INFORMATION SHOWN —
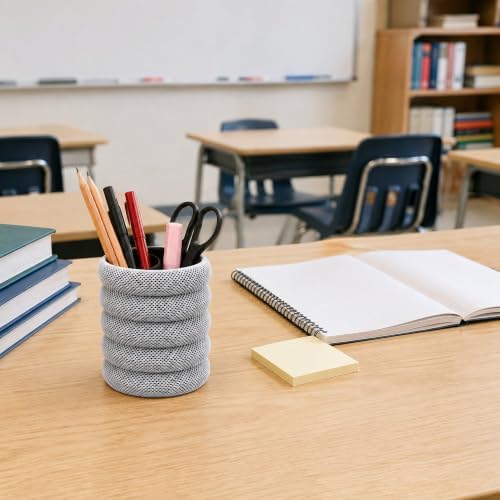 PowerTRC 3D Printed Grideo Pen Holder for Desk – Modern Pencil Cup Organizer, Office Supplies Holder, Classroom Teacher Desk Decor, Home Office Gift, Made in USA (Concrete Gray)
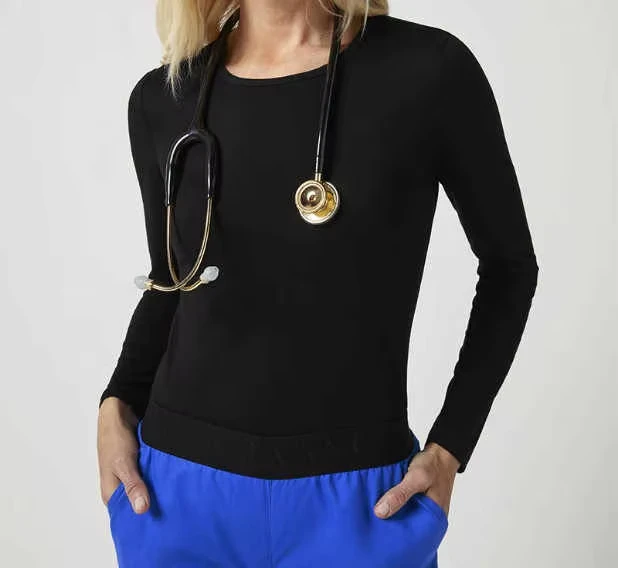 High Quality Hospital Nurse Scrub Sets Crew Neck Custom Medical Scrubs Tops Black Underscrubs
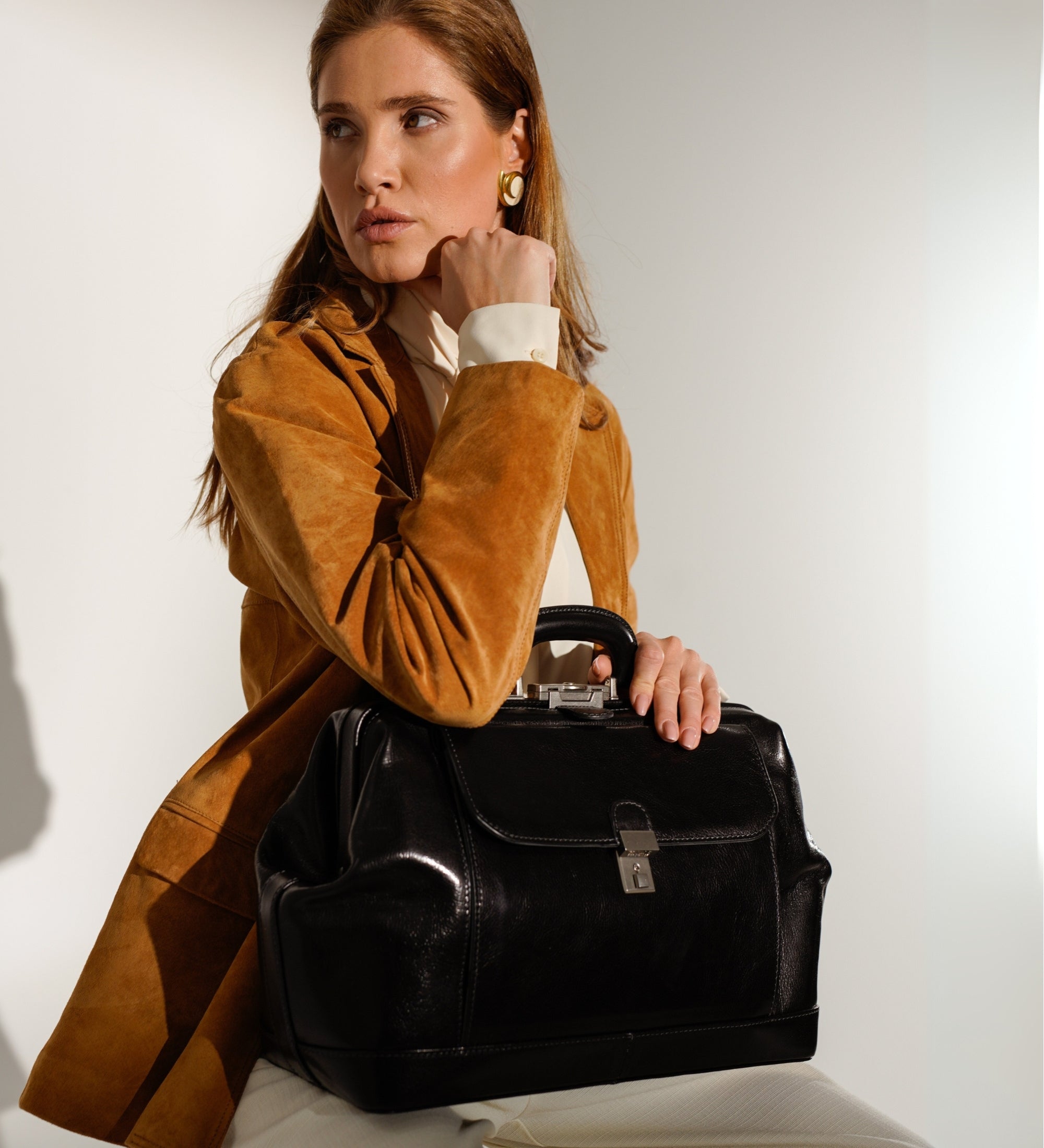 Grand sac de docteur en cuir italien pour femme Hamlet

YOUR OBJECTIVE — The answer is the run of lines from the one with "High Quality Hospital" through the final line of the data, copied exactly, and nothing else; no pictures.

ANSWER SPACE —
 High Quality Hospital Nurse Scrub Sets Crew Neck Custom Medical Scrubs Tops Black Underscrubs
 Grand sac de docteur en cuir italien pour femme Hamlet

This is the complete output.